Lynette Jones has spent the past 18 months planning an October trip to Kenya with her husband and two cousins. The Australian supply manager is eager to watch the great wildebeest migration in the country’s Maasai Mara National Park—but a spate of recent terror attacks in the country has thrown the trip in doubt.
“I’m not overly worried and still hoping to go, but my companions are a little more nervous and anxious regarding safety and are considering other options,” Jones wrote in an e-mail.
Unfortunately for Kenya, where tourism is the country’s second-largest industry, thousands of other tourists are thinking twice before booking their flights. Recent terror attacks have led to travel warnings from the United Kingdom, the United States, Australia and other Western countries. The number of tourists visiting the East African nation known for big game safaris and white-sand beaches declined 15 percent last year over 2012, according to The Standard, a Kenyan newspaper.
Mark Cahill, founder and co-owner of Odyssey Safari in Kenya, says the tourism sector is currently suffering its worst drought since opening his business a decade ago.
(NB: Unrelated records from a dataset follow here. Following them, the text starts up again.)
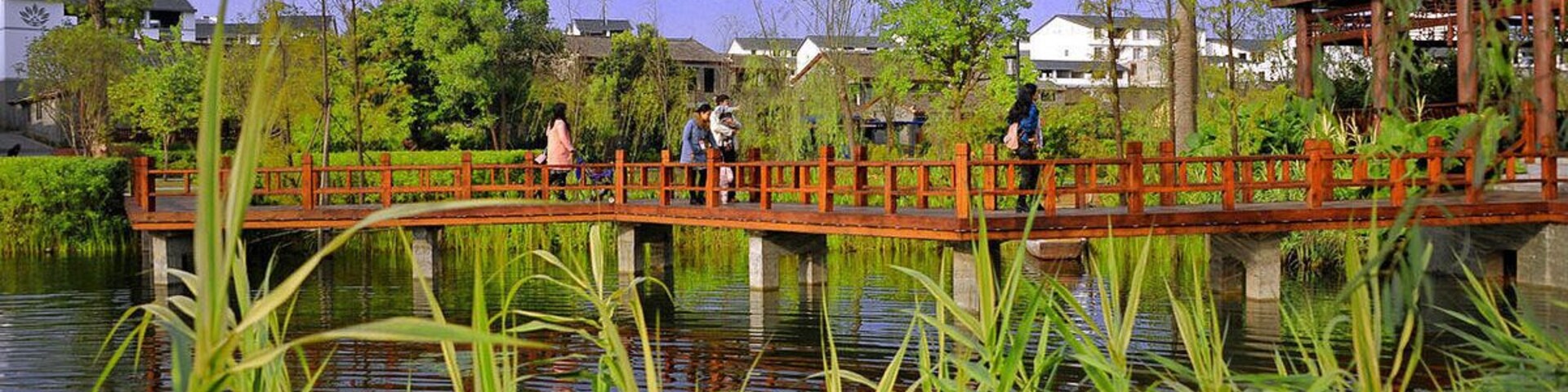 A wooden bridge over a calm water body, surrounded by lush greenery and trees.
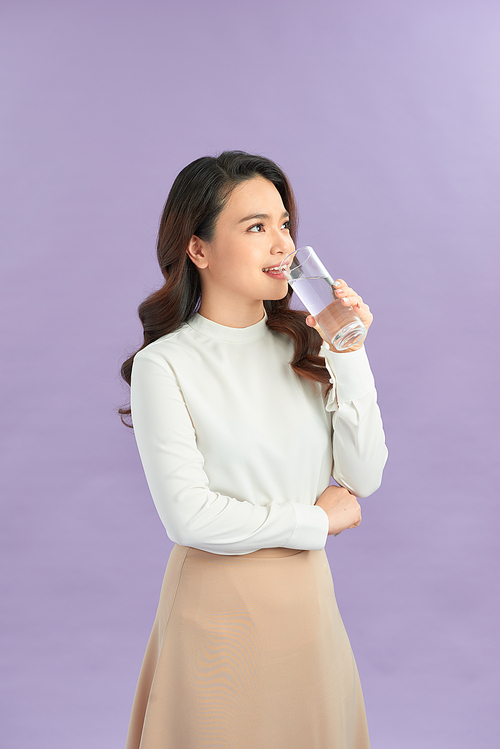 Face portrait of woman drinking water. Smiling girl. Isolated portrait.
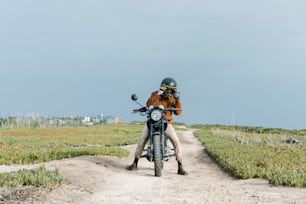 a man riding a motorcycle down a dirt road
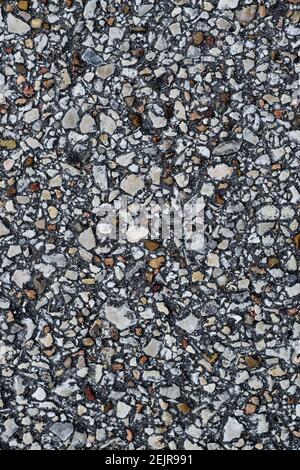 Asphalt background paved road cobblestone closeup abstract directly above in vertical format. Patterns and textures flat lay. Stock Photo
Although his company operates tours throughout Africa, it is based in Nanyuki, a market town at the foot of Mount Kenya. Cahill says the past 10 months—beginning with the three-day siege of the Westgate Shopping Mall by al-Shabaab in September that left at least 67 dead—has been the longest stretch of discouraging news he’s seen.
“Most recently, we’ve started to see people not choosing to travel to Kenya at all,” Cahill says. “None of the attacks have been in tourist areas, but now a simple Google search brings up so many negative headlines, people are starting to reevaluate entirely.”
Since the attack on Nairobi’s upscale Westgate Mall in September, over 200 Kenyans have been killed during five raids on villages in the coastal northeastern region of the country, near the Somali-Kenyan border. The most recent attack on July 6 left 22 dead in the coastal town of Hindi, according to the Associated Press. The raid occurred nearly one month after the bloodiest single attack, on the trading town of Mpeketoni, near the tourist hotspot of Lamu island. More than 65 people were killed by masked gunmen there between June 15 and 17.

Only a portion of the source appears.